DUBUQUE (AP) — Dubuque has been awarded $98.5 million in state tax incentives for flood-prevention initiatives that will make it the largest infrastructure project in the city’s history.
The Iowa Flood Mitigation Board announced the money Wednesday in Des Moines, the Dubuque Telegraph Herald reported. Other cities including Cedar Rapids, Iowa City and Coralville will also receive funding for their own flood-prevention projects.
Dubuque will receive the money for the Bee Branch Creek Watershed Project. The 20-year, $200 million flood-prevention project will be divided into 12 phases, some of which are already in progress.
“It’s a great day for the citizens of Dubuque, and particularly those that are affected in the almost semi-annual flooding that occurs in that Bee Branch watershed,” said Dubuque Mayor Roy Buol.
Some of the work includes enhancing sewer capacity, replacing a flood-mitigation gate, and reconstructing 240 alleyways with material that allows water to filter back into the ground.
Officials say the project will prevent more than $580 million in future flood damages in an area that’s received multiple presidential disaster declarations since 1999.
“It’s really gratifying to be able to move these projects forward,” said city civil engineer Deron Muehring. “It’s one thing to be able to come up with projects to help fix a problem.
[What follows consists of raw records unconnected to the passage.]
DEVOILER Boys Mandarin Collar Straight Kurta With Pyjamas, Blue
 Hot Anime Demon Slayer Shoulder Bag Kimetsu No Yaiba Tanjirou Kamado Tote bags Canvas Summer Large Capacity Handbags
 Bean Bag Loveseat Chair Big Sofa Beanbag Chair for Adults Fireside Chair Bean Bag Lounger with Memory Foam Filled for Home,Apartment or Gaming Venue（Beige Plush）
It’s another to find the funding and the means to actually move forward with them.”
Officials also say the funding should delay plans to increase residents’ utility bills to help pay for the project.
Cedar Rapids, which was hit hard by flooding in 2008, was awarded $264 million total over 20 years. Officials say $8.5 million will be going to Iowa City and nearly $9.8 million to Coralville.
The Iowa Legislature created the mitigation board to let cities use a portion of state sales tax revenue growth for flood-prevention projects. Up to $600 million is available through the program, which will be doled out over several years.